== Segment start ==
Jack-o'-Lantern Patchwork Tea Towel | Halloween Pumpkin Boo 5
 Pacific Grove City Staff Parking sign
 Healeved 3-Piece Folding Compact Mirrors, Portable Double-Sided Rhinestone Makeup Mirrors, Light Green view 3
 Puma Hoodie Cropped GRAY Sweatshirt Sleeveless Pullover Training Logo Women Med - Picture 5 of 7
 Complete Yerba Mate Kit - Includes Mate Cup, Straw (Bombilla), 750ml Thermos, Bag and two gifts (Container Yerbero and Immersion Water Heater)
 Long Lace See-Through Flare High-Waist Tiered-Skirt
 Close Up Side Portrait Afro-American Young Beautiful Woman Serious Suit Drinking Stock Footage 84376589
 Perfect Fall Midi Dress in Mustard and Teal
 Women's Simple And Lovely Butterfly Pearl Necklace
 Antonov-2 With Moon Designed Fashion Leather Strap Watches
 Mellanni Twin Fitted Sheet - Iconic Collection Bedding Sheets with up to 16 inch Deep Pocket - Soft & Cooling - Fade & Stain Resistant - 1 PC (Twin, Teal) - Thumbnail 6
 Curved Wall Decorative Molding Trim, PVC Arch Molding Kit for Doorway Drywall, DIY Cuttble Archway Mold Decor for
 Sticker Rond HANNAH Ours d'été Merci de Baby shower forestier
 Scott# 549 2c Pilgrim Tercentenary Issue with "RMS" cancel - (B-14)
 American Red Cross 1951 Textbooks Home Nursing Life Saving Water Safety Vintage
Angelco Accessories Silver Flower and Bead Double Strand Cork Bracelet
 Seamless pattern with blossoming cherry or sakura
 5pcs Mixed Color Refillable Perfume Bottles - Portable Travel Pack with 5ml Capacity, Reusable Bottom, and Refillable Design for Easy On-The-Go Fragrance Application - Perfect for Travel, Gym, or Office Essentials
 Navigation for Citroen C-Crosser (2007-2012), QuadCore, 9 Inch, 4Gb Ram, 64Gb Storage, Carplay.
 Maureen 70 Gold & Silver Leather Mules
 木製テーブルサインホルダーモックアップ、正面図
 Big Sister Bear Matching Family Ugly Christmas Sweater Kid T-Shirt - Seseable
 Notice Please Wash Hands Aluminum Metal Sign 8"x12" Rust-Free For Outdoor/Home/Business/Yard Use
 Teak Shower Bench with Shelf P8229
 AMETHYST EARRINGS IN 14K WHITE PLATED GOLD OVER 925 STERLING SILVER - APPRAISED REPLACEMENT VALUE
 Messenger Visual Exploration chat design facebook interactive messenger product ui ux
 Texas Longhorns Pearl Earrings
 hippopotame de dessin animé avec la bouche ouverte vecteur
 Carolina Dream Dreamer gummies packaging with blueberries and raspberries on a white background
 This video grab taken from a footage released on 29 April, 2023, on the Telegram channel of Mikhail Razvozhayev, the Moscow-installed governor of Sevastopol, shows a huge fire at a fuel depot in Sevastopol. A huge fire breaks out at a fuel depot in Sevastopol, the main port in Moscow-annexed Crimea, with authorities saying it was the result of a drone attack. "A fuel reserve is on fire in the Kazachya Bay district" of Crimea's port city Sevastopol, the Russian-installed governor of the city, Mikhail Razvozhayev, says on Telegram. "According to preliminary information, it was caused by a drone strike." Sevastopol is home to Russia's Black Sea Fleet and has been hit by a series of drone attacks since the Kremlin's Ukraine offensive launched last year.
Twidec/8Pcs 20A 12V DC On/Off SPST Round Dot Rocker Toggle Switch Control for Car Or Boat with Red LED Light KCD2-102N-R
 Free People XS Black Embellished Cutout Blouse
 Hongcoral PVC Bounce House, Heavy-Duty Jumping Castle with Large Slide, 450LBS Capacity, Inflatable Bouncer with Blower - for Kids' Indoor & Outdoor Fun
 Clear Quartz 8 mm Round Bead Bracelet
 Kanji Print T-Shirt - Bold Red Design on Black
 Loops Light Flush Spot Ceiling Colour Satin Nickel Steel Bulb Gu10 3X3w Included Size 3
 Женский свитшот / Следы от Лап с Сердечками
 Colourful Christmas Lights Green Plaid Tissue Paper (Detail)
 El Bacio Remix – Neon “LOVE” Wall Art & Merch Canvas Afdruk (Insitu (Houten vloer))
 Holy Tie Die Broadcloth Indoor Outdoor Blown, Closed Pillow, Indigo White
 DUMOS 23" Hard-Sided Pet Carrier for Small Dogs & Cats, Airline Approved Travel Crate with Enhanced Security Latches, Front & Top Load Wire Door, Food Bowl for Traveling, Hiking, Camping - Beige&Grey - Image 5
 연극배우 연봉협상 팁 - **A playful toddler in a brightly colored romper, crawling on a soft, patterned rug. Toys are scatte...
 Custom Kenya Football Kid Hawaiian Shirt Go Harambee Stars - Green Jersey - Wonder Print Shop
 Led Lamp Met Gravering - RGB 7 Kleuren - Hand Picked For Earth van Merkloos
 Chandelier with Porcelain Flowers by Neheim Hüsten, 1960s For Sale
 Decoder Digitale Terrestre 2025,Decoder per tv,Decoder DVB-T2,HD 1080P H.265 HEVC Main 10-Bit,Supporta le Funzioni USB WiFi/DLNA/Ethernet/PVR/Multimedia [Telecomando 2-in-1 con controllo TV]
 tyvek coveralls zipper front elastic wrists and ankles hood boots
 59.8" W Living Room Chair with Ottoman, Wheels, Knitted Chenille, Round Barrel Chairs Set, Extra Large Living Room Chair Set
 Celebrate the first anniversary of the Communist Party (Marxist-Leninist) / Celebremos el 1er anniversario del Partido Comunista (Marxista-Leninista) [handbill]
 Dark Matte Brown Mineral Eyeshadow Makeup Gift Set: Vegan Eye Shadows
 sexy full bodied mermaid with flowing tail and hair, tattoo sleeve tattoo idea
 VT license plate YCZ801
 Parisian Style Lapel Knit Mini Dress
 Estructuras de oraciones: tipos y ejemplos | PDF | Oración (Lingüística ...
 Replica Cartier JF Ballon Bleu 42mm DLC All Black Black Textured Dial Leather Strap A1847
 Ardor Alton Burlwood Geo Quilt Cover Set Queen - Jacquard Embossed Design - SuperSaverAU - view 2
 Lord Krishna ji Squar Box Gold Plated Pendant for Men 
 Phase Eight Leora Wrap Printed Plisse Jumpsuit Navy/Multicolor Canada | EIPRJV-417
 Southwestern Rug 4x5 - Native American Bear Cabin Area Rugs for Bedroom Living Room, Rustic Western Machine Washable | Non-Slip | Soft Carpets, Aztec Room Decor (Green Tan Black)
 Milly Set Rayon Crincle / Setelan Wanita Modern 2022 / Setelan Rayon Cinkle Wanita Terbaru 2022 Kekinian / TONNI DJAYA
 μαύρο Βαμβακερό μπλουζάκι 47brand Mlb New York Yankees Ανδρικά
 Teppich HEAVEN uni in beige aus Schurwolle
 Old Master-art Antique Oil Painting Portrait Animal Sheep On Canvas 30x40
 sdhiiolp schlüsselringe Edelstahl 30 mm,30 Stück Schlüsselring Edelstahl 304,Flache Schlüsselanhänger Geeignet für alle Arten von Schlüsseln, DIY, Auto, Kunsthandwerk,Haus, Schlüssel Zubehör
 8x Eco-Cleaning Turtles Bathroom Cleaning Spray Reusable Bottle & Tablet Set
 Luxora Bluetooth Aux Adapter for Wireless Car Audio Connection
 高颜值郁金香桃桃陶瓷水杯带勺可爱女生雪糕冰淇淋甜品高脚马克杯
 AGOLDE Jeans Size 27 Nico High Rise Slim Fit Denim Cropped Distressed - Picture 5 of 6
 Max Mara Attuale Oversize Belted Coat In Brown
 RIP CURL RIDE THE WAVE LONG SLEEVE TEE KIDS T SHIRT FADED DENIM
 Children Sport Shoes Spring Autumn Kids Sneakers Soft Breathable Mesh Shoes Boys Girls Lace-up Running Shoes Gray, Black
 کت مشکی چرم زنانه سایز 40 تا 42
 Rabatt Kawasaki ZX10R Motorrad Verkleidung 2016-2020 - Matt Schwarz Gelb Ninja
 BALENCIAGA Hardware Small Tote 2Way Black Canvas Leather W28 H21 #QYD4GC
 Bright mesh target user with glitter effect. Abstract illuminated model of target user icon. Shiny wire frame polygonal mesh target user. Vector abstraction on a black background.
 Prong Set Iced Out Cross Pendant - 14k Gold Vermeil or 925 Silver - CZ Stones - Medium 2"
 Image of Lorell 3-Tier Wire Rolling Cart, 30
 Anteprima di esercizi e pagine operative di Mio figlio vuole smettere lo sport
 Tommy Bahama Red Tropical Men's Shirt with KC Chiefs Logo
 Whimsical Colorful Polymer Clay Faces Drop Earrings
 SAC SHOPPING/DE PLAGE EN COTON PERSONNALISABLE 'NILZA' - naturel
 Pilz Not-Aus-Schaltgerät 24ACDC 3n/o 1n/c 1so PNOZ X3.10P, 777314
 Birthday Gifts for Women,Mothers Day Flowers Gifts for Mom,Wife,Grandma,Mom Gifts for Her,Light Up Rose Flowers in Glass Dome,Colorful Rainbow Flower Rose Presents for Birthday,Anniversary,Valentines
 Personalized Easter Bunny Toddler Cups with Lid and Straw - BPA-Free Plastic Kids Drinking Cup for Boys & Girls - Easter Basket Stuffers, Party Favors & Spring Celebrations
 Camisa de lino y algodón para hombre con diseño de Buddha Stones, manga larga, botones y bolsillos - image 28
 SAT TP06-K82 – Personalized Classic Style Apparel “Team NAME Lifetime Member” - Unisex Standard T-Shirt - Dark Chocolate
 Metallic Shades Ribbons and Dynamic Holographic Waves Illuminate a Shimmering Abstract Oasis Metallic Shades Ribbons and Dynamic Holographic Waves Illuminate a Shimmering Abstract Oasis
== Segment end ==
Find each line of the data above that holds the word "Stones", then copy it.

__THE COMPLETED TASK__.
 Prong Set Iced Out Cross Pendant - 14k Gold Vermeil or 925 Silver - CZ Stones - Medium 2"
 Camisa de lino y algodón para hombre con diseño de Buddha Stones, manga larga, botones y bolsillos - image 28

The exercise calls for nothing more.